1.2 Spectral Angle Mapper (SAM) : In N dimensional multi-(or hyper-) spectral space a pixel vector x has both magnitude (length) and an angle measured with respect to the axes that defines the coordinate system of the space [5]. In the Spectral Angle Mapper (SAM) technique for identifying pixel spectra only the angular information is used. SAM is based on the idea that an observed reflectance spectrum can be considered as a vector in a multidimensional space, where the number of dimensions equals the number of spectral bands. If the overall illumination increases or decreases (due to the presence of a mix of sunlight and shadows), the length of this vector will increase or decrease, but its angular orientation will remain constant. Smaller angles represent closer matches to the reference spectrum. If this angle is smaller than a given tolerance level, the spectra are considered to match even if one spectrum is much brighter than the other (farther from the origin) overall [4]. Pixels further away than the specified maximum angle threshold are not classified.

1.3 Neural Network : To overcome difficulties in conventional digital classification that uses the spectral characteristics of the pixel as the sole parameter in deciding to which class a pixel belongs to, new approaches such as Neural Networks (NN) are being used. Fully trained, neural networks can perform image classification relatively rapidly, although the training process itself can be quite time consuming. NN systems are ‘self-training' in that they adaptively construct linkages between a given pattern of input data and particular outputs. A NN consists of a set of three or more layers, each made up of multiple nodes. Typically, these might include spectral bands from a remotely sensed image, textural features or other intermediate products derived from such images, or ancillary data describing the region to be analysed. The nodes in the output layer represent the range of possible output categories to be produced by the network [4]. Between the input and output layers are one or more hidden layers. These consist of multiple nodes, each linked to many nodes in the preceding layer and to many nodes in the following layer. These linkages between nodes are represented by weights, which guide the flow of information through the network. The number of hidden layers used in a neural network is arbitrary. An increase in the number of hidden layers permits the network to be used for more complex problems but reduces the network's ability to generalise and increases the time required for training . Applying a NN to image classification makes use of an iterative training procedure in which the network is provided with matching sets of input and output data. Each set of input data represents an example of a pattern to be learned, and each corresponding set of output data represents the desired output that should be produced in response to the input. During the training process the network autonomously modifies the weights on the linkages between each pair of nodes in such a way as to reduce the discrepancy between the desired output and the actual output [4].

1.4 Decision Tree Approach : Decision tree approach is a non-parametric classifier and an example of machine learning algorithm. It involves a recursive partitioning of the feature space, based on a set of rules that are learned by an analysis of the training set. A tree structure is developed where at each branching a specific decision rule is implemented, which may involve one or more combinations of the attribute inputs. A new input vector then ‘travels' from the root node down through successive branches until it is placed in a specific class . The thresholds used for each class decision are chosen using minimum entropy or minimum error measures. It is based on using the minimum number of bits to describe each decision at a node in the tree based on the frequency of each class at the node. With minimum entropy, the stopping criterion is based on the amount of information gained by a rule (the gain ratio) [2].

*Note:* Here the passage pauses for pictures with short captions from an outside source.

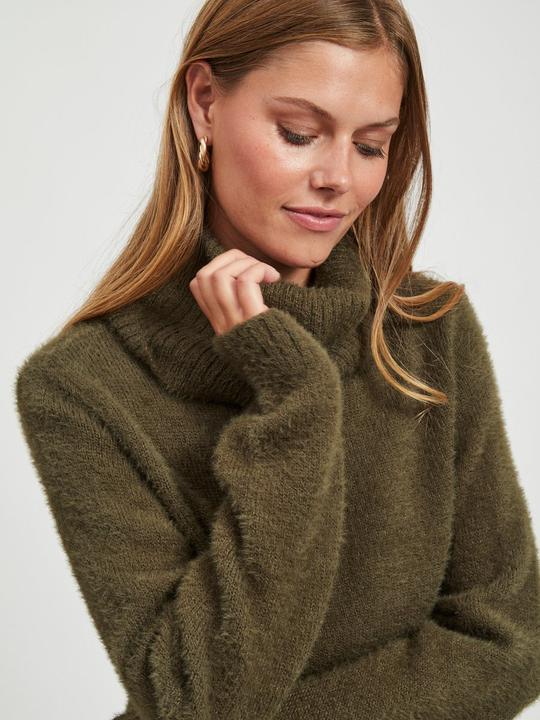Actual product image Vila Loose fit turtleneck knit sweater (S)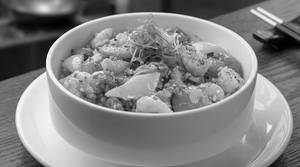 Butter Garlic Prawns
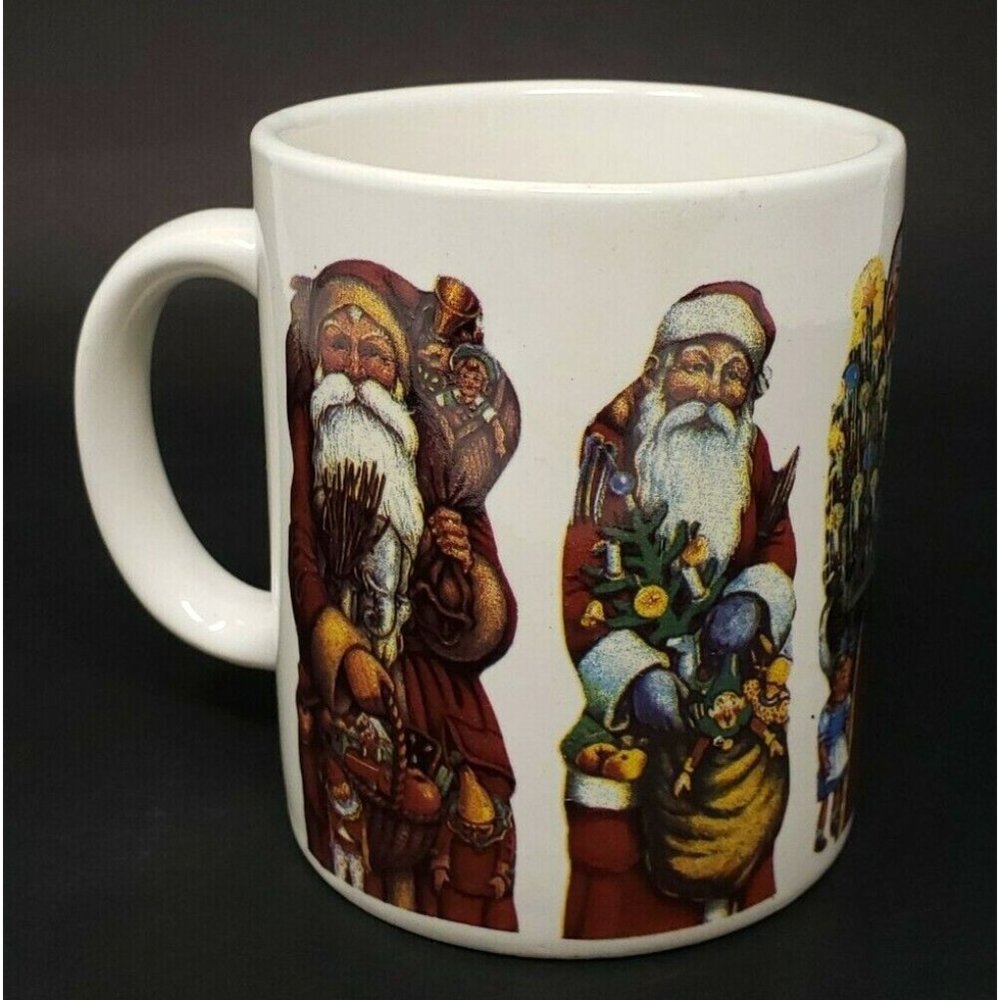 Mug Christmas Father Christmas Santa Claus 3 3/4 in Novelty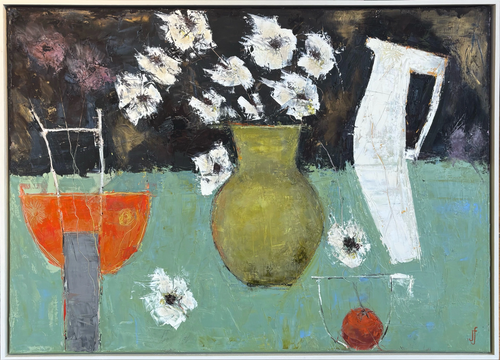 Flying Flowers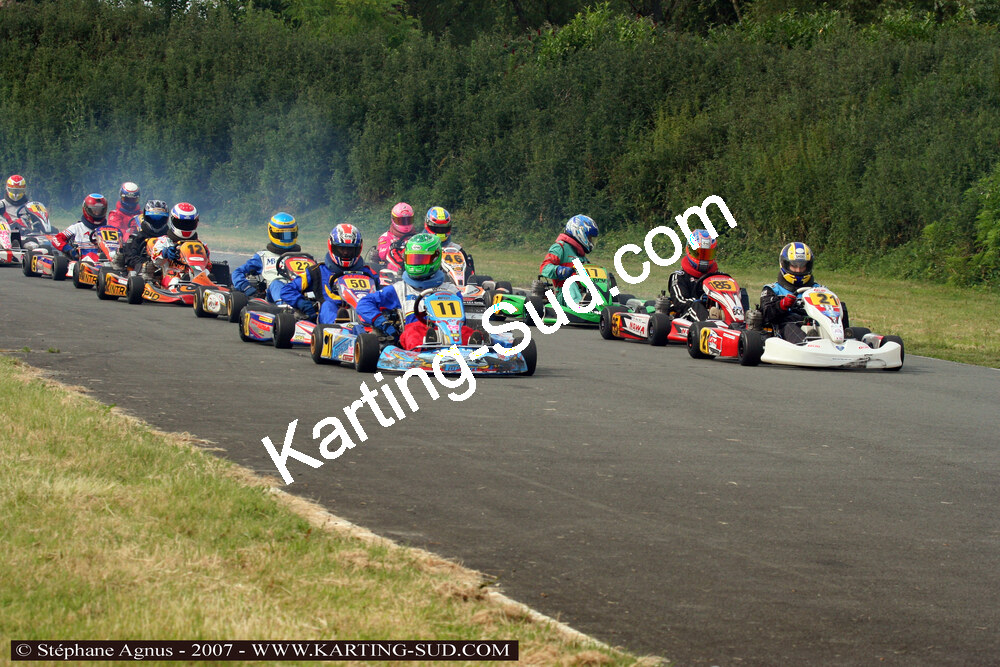 24/06/2007 : 2ème Manche du Challenge des Circuits – Layrac (Photos Stéphane Agnus) 2007 — karting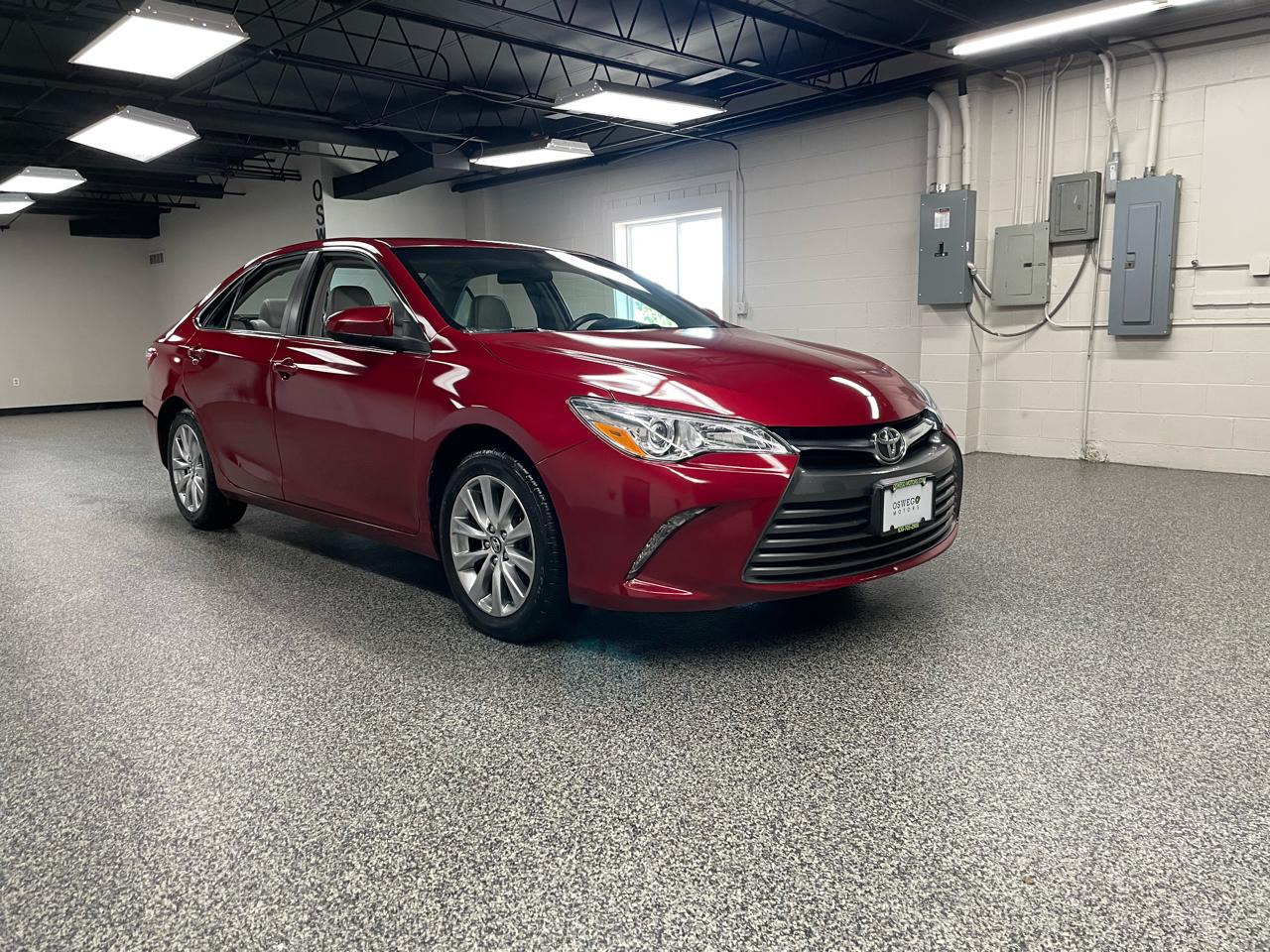 Toyota Camry XLE 2017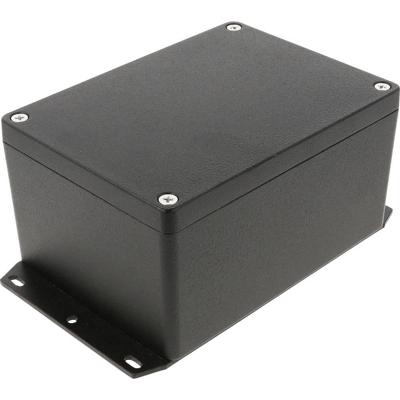 Hammond Electronics 1550Z115FBK Universele behuizing 148 x 108 x 75 Aluminium spuitgietwerk Zwart 1 stuk(s) Hammond Electronics 1550Z115FBK Universele behuizing 148 x 108 x 75 Aluminium spuitgietwerk Zwart 1 stuk(s)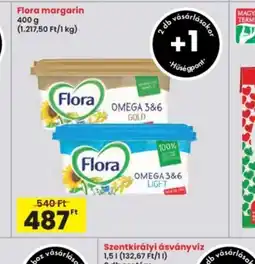 Interspar Flora margarin ajánlat
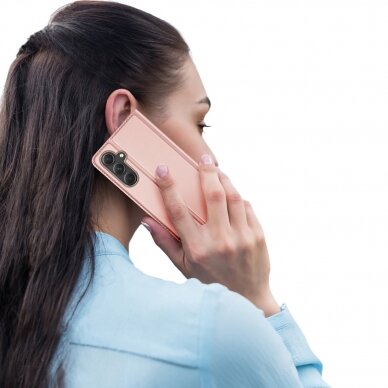 Dėklas Dux Ducis Skin Pro Samsung Galaxy S23 FE - Rožinis 8
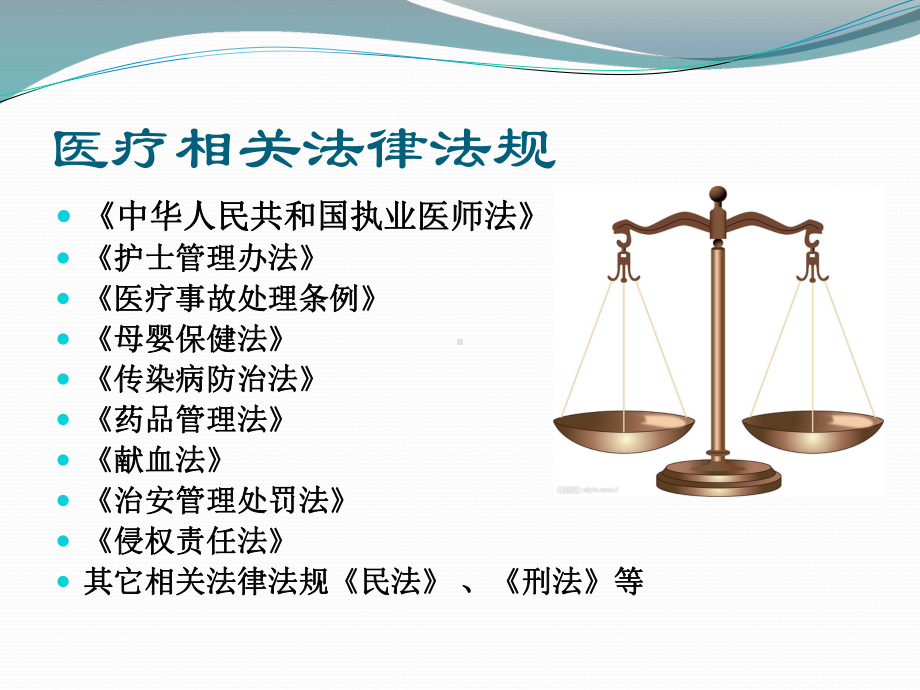 医院医疗法律法规培训课件.ppt_第2页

1.5 Clustering : Clustering techniques fall into a group of undirected data mining tools [6]. The goal of clustering is to discover structure in the data as a whole. There is no target variable to be predicted and thus no distinction is being made between independent and dependent variables. Clustering partitions the image data into a number of spectral classes, and then labels all pixels of interest as belonging to one of those spectral classes, although the labels are purely nominal (e.g. A, B, C, …., or class1, class 2, …….) and are as yet unrelated to ground cover types [5] . The K-means algorithm is a simple, iterative procedure, in which a crucial concept is the one of ‘ centroid' . Centroid is an artificial point in the space of records which represents an average location of the particular cluster. The coordinates of this point are averages of attribute values of all examples that belong to the cluster.